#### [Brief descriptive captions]
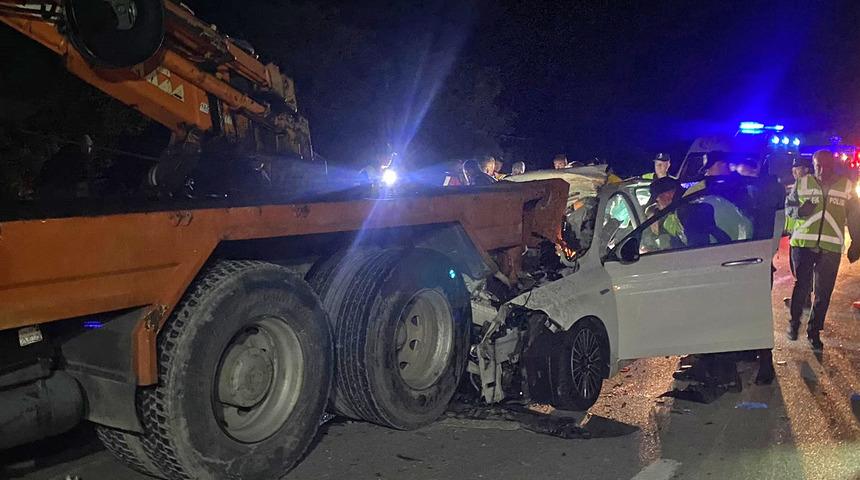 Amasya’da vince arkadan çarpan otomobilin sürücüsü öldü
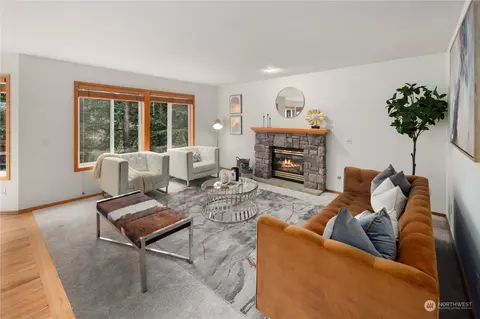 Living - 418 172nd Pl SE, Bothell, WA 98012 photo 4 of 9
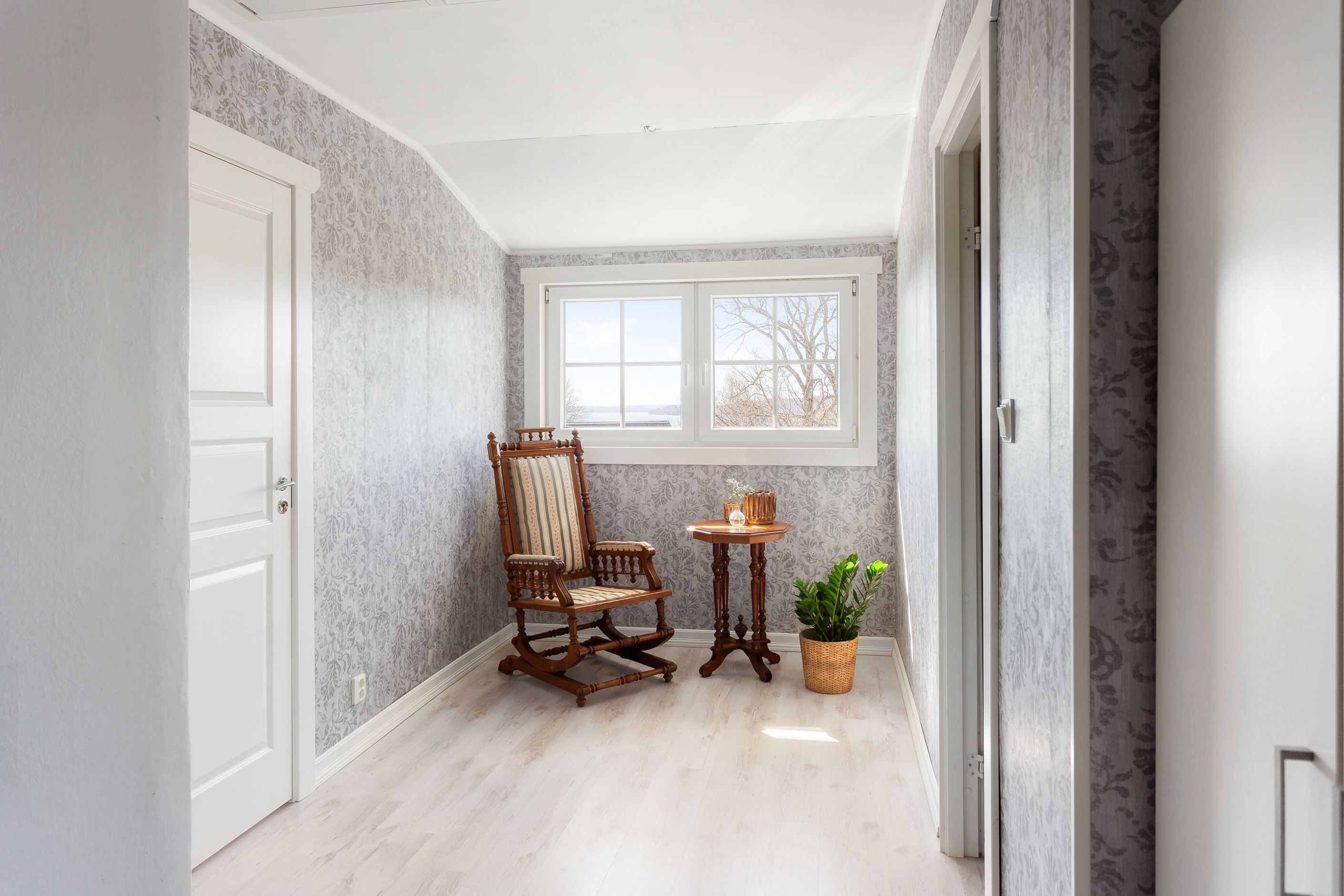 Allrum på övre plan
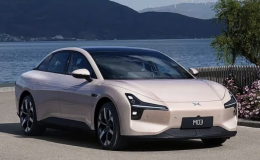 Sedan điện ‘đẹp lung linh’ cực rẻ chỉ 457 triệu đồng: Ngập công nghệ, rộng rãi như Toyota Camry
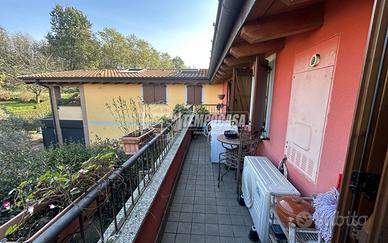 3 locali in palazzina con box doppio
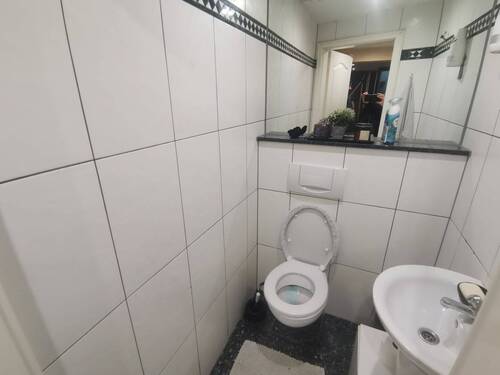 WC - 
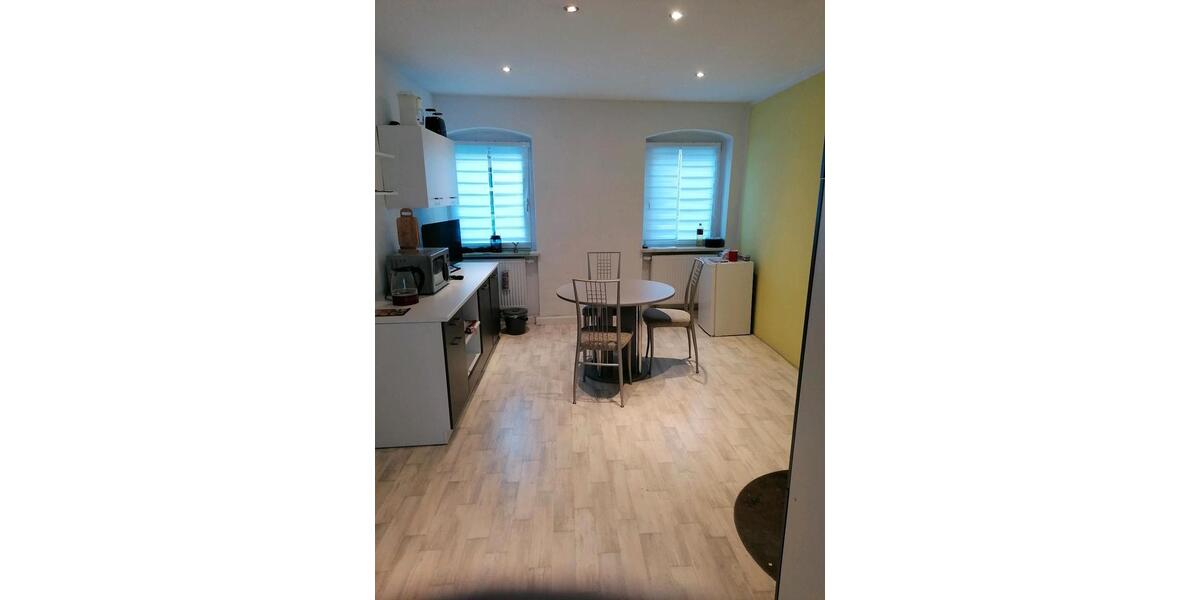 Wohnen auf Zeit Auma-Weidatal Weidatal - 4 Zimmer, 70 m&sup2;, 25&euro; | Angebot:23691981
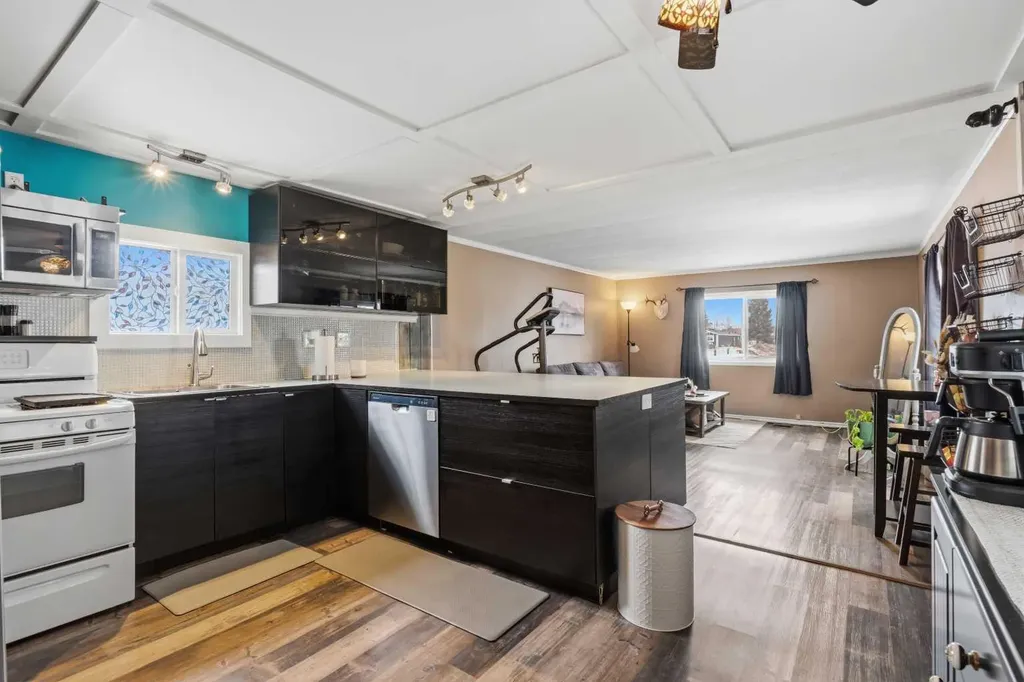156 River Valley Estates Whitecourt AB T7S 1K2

#### [Task prompt]
Print all of the entries word for word. Omit the pictures they contain.

#### [Exercise output]
 Amasya’da vince arkadan çarpan otomobilin sürücüsü öldü
 Living - 418 172nd Pl SE, Bothell, WA 98012 photo 4 of 9
 Allrum på övre plan
 Sedan điện ‘đẹp lung linh’ cực rẻ chỉ 457 triệu đồng: Ngập công nghệ, rộng rãi như Toyota Camry
 3 locali in palazzina con box doppio
 WC - 
 Wohnen auf Zeit Auma-Weidatal Weidatal - 4 Zimmer, 70 m&sup2;, 25&euro; | Angebot:23691981
156 River Valley Estates Whitecourt AB T7S 1K2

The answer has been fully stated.